» **Information supplied**:
++++++++

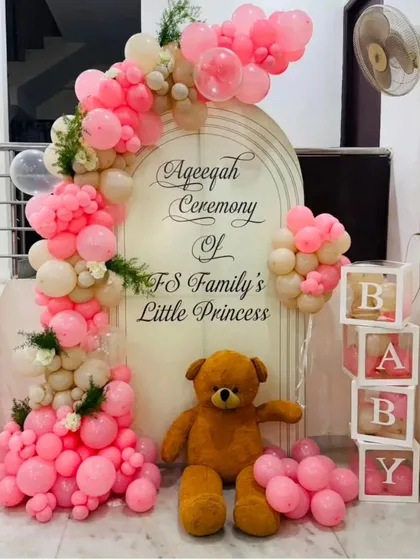 I create beautiful and respectful decorations for religious ceremonies, like this Aqeeqah for a family's 'Little Princess'. The setup includes a personalized arched backdrop, a soft pink and white balloon garland, and classic props like a teddy bear and 'BABY' blocks.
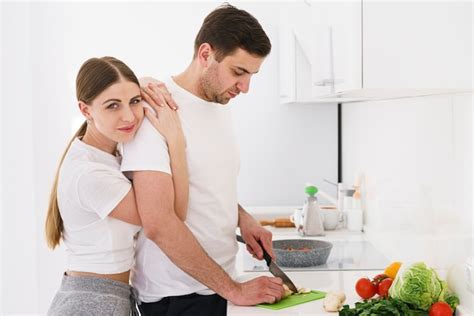 Femme étreignant Son Petit Ami Pendant La Cuisson Photo Gratuite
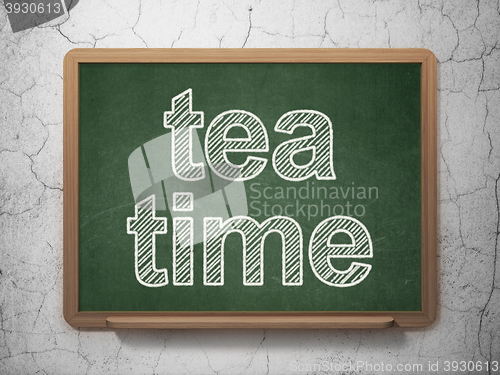 Image of Time concept: Tea Time on chalkboard background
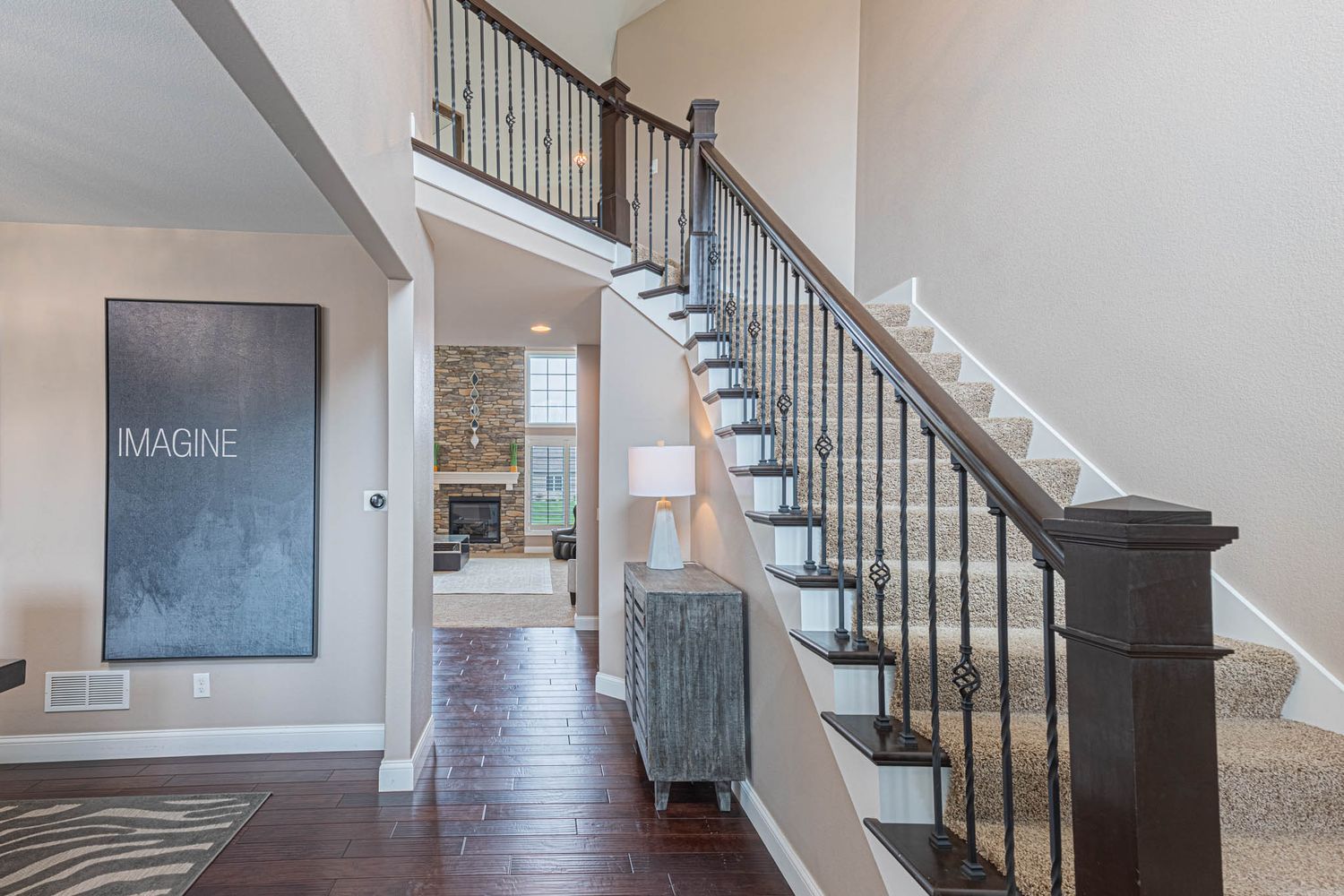 Modern staircase with dark wood handrails, white risers, and a chalkboard wall accent in an elegant foyer.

++++++++

» **Action item**: Print the material in full and exactly; the pictures must not be printed.

» **Written response**:
 I create beautiful and respectful decorations for religious ceremonies, like this Aqeeqah for a family's 'Little Princess'. The setup includes a personalized arched backdrop, a soft pink and white balloon garland, and classic props like a teddy bear and 'BABY' blocks.
 Femme étreignant Son Petit Ami Pendant La Cuisson Photo Gratuite
 Image of Time concept: Tea Time on chalkboard background
 Modern staircase with dark wood handrails, white risers, and a chalkboard wall accent in an elegant foyer.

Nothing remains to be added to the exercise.